>>

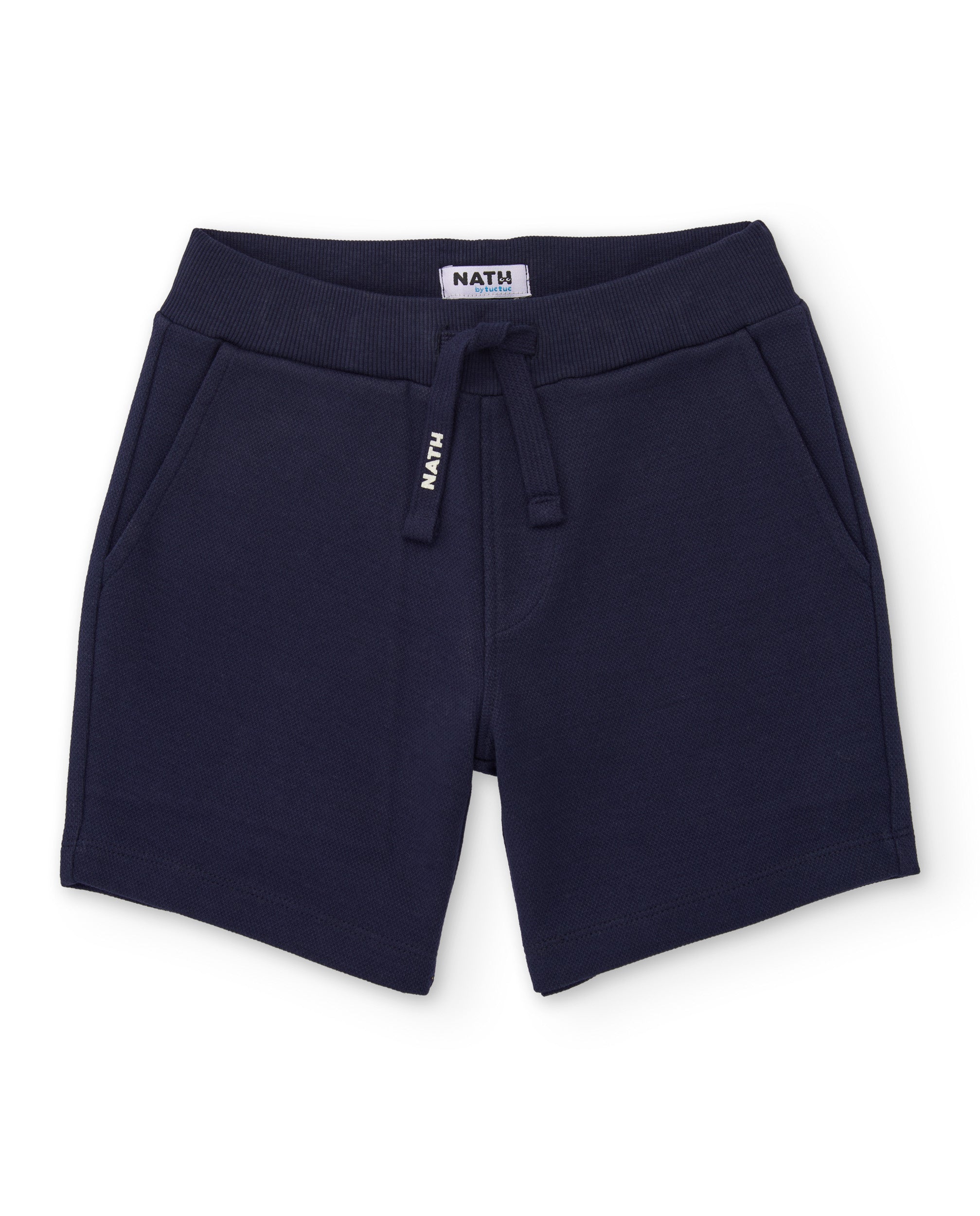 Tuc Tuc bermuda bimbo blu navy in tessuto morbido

<<
>>

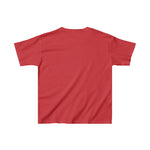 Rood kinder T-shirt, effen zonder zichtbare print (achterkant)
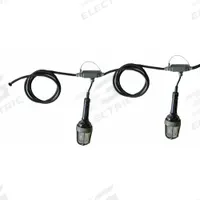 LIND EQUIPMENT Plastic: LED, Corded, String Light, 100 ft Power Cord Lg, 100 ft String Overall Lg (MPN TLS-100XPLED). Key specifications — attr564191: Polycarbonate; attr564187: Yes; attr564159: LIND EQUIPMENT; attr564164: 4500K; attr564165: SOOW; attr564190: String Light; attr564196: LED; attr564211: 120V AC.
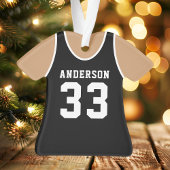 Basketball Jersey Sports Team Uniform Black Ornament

<<

● What is being asked: Return the material from the line containing "Rood kinder T-shirt, effen" through the line containing "Basketball Jersey Sports", exactly and in full, but without its pictures.

● Expected output:
 Rood kinder T-shirt, effen zonder zichtbare print (achterkant)
 LIND EQUIPMENT Plastic: LED, Corded, String Light, 100 ft Power Cord Lg, 100 ft String Overall Lg (MPN TLS-100XPLED). Key specifications — attr564191: Polycarbonate; attr564187: Yes; attr564159: LIND EQUIPMENT; attr564164: 4500K; attr564165: SOOW; attr564190: String Light; attr564196: LED; attr564211: 120V AC.
 Basketball Jersey Sports Team Uniform Black Ornament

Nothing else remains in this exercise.